Who is a candidate for the biliopancreatic diversion with duodenal switch procedure?

Since biliopancreatic diversion with duodenal switch is a complicated procedure, it is typically reserved for extremely obese individuals, particularly those with weight-related health issues, who have failed at other weight loss attempts.

Since individuals typically lose more weight with BPD/DS than with other bariatric procedures, it may be recommended to individuals with the following:

  • Body Mass Index of 55 or higher
  • Type 2 diabetes
  • Sleep apnea
  • Hypertension
  • Elevated cholesterol levels

While many individuals with obesity-related health issues experience good results from the duodenal switch procedure, it is important to note the surgery is a complicated one and the individual’s overall health should be taken into account before undergoing the somewhat lengthy procedure.

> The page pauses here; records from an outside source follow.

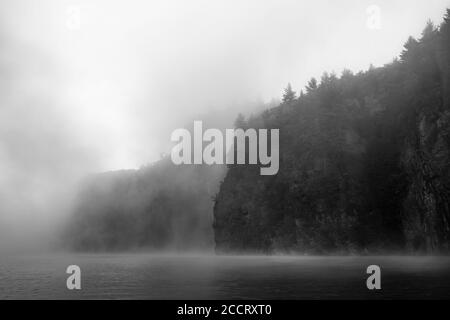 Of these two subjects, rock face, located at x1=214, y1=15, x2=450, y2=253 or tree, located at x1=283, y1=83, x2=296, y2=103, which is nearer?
rock face, located at x1=214, y1=15, x2=450, y2=253

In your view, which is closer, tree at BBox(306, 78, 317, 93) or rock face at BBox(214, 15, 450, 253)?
rock face at BBox(214, 15, 450, 253)

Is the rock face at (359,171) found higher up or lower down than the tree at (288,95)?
lower down

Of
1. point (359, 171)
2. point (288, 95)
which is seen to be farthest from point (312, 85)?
point (359, 171)

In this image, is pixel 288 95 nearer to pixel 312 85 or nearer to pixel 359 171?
pixel 312 85

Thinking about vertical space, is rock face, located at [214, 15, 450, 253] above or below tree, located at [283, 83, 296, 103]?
below

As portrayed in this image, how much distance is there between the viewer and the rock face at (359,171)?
68438mm

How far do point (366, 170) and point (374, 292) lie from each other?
64.3 meters

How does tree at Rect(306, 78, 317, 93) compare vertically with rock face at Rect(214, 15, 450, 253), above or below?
above

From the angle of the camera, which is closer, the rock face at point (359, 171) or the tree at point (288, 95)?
the rock face at point (359, 171)

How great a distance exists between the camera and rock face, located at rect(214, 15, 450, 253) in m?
68.4

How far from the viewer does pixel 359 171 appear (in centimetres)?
8881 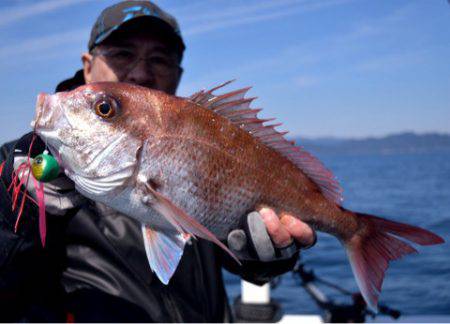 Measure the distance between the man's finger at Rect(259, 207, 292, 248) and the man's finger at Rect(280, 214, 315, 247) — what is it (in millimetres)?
20

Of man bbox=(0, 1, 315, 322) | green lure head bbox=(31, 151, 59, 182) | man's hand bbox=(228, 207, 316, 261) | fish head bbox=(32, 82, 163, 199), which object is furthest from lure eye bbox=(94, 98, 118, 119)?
man's hand bbox=(228, 207, 316, 261)

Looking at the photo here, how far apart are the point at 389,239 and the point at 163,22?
2.23m

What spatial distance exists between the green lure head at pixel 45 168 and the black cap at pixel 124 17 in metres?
1.61

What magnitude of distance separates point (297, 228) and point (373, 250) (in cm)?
44

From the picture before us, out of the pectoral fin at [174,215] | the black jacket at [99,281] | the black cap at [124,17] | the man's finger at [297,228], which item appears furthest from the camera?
the black cap at [124,17]

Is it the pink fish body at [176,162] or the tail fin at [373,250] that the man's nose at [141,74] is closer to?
the pink fish body at [176,162]

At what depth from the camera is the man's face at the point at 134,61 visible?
3.28 meters

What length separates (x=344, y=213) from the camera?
232cm

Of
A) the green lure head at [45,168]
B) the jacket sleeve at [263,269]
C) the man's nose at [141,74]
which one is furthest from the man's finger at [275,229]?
the man's nose at [141,74]

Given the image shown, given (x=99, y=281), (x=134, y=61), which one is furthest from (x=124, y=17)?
(x=99, y=281)

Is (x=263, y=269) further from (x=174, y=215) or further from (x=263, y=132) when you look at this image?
(x=174, y=215)

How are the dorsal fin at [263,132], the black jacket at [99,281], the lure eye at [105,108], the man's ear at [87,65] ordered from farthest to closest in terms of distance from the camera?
1. the man's ear at [87,65]
2. the black jacket at [99,281]
3. the dorsal fin at [263,132]
4. the lure eye at [105,108]

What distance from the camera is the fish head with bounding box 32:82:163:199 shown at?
1.87m

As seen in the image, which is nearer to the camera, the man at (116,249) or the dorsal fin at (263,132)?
the dorsal fin at (263,132)
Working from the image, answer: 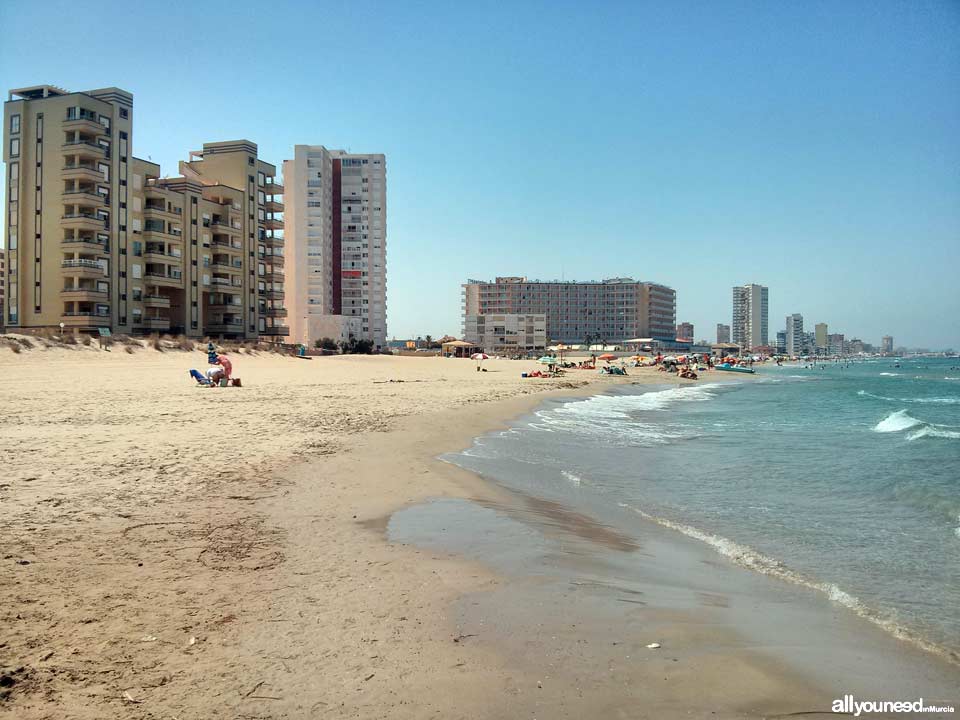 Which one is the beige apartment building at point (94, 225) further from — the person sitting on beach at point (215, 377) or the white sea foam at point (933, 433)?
the white sea foam at point (933, 433)

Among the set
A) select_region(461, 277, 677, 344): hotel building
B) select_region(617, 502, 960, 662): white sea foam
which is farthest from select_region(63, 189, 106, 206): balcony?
select_region(461, 277, 677, 344): hotel building

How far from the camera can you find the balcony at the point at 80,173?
156 feet

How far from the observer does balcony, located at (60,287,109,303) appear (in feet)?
153

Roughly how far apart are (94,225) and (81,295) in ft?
18.7

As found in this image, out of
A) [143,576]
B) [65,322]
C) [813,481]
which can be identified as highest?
[65,322]

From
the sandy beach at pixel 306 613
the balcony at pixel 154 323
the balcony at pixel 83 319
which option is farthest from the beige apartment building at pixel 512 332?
the sandy beach at pixel 306 613

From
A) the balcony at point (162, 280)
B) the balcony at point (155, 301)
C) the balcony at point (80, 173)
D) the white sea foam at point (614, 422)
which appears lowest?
the white sea foam at point (614, 422)

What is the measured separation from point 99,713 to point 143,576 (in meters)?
1.96

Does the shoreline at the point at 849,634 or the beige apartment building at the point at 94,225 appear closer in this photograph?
the shoreline at the point at 849,634

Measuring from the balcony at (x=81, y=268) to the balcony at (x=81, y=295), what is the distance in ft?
3.62

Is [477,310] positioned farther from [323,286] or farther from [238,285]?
[238,285]

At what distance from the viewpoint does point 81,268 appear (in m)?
46.8

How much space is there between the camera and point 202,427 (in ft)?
42.3

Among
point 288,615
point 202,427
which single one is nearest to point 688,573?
point 288,615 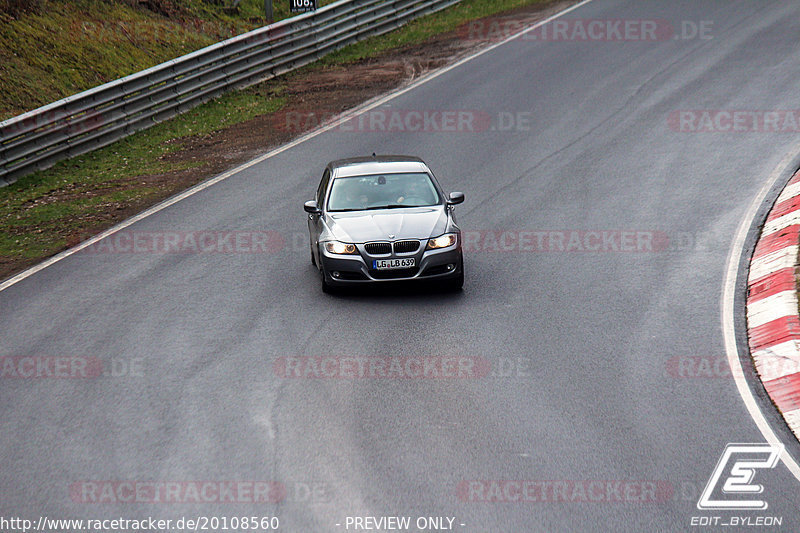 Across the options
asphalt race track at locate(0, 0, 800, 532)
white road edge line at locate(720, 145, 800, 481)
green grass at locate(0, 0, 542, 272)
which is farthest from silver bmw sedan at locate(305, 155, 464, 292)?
green grass at locate(0, 0, 542, 272)

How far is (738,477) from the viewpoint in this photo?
7.05 metres

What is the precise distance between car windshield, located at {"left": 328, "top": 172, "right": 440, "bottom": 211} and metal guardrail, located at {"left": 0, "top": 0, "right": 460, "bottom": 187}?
8057mm

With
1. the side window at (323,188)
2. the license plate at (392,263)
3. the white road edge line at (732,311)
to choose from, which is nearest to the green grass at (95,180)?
the side window at (323,188)

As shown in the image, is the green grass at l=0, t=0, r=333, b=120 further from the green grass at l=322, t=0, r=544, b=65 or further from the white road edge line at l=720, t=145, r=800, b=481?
the white road edge line at l=720, t=145, r=800, b=481

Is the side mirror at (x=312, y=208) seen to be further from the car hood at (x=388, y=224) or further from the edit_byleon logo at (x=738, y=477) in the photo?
the edit_byleon logo at (x=738, y=477)

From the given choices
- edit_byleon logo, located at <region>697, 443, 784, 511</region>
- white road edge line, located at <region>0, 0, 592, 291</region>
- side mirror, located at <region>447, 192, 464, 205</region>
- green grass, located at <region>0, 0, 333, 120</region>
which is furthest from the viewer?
green grass, located at <region>0, 0, 333, 120</region>

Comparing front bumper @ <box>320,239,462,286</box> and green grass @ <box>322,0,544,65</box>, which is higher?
green grass @ <box>322,0,544,65</box>

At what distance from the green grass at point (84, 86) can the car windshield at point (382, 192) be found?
4844 mm

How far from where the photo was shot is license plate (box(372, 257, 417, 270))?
11.8 meters

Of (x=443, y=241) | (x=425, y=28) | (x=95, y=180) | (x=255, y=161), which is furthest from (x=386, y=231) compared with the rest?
(x=425, y=28)

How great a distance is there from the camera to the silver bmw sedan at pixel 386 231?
11.8 meters

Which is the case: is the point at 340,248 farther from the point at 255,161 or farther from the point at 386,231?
the point at 255,161

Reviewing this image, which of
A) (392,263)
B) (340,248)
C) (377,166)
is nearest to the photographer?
(392,263)

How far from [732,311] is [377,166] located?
5324mm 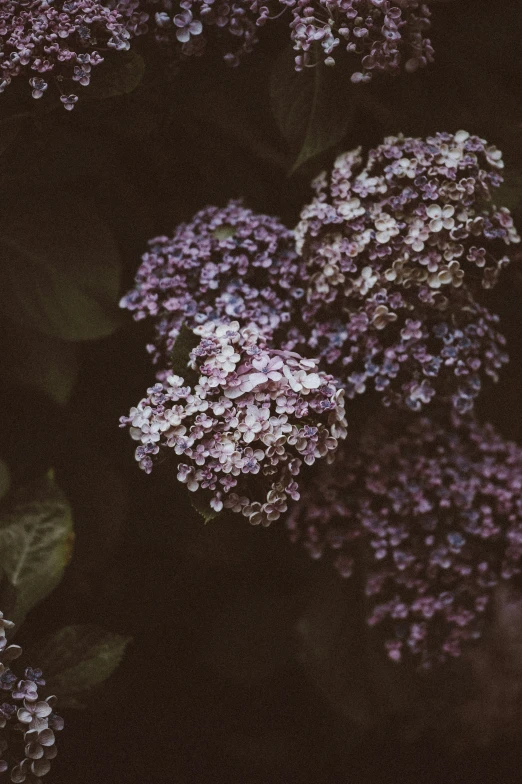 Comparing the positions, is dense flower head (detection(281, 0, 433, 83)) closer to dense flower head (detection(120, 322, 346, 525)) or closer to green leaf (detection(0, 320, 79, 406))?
dense flower head (detection(120, 322, 346, 525))

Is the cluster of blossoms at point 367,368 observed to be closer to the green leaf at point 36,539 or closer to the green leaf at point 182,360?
the green leaf at point 182,360

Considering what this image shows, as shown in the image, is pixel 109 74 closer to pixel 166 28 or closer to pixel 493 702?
pixel 166 28

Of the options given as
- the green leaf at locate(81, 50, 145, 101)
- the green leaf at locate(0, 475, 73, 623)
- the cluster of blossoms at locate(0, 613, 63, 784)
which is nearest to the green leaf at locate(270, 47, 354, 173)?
the green leaf at locate(81, 50, 145, 101)

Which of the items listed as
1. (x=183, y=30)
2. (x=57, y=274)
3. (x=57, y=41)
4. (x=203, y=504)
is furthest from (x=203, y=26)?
(x=203, y=504)

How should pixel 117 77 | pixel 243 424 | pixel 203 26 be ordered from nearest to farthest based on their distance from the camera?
pixel 243 424
pixel 117 77
pixel 203 26

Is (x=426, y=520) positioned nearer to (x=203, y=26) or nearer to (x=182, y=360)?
(x=182, y=360)

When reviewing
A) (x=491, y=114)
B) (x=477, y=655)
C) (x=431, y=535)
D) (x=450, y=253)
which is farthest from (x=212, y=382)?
(x=477, y=655)
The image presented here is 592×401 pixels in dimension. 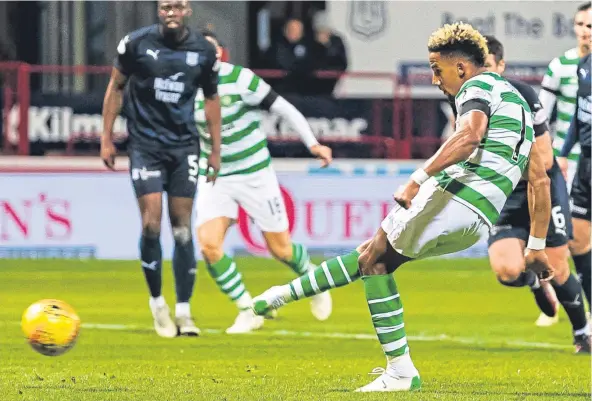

Pros & Cons of biliopancreatic diversion with duodenal switch

The surgery is considered one of the most successful for weight loss and many individuals are able maintain that loss over the years. Those who undergo BPD/DS are also able to eat relatively normal meals and feel more satisfied.

Disadvantages of the procedure include a higher risk of long term complications including osteoporosis and anemia. Deficiency of fat soluble vitamins (A,D,E, and K) as well as calcium and iron. Some individuals also develop a serious protein deficiency resulting in severe malnutrition.

Before undergoing the procedure, candidates should show a willingness to commit to ongoing follow-up. Individuals who have BPD/DS must be on a lifelong regimen of vitamin and mineral supplements and be medically monitored.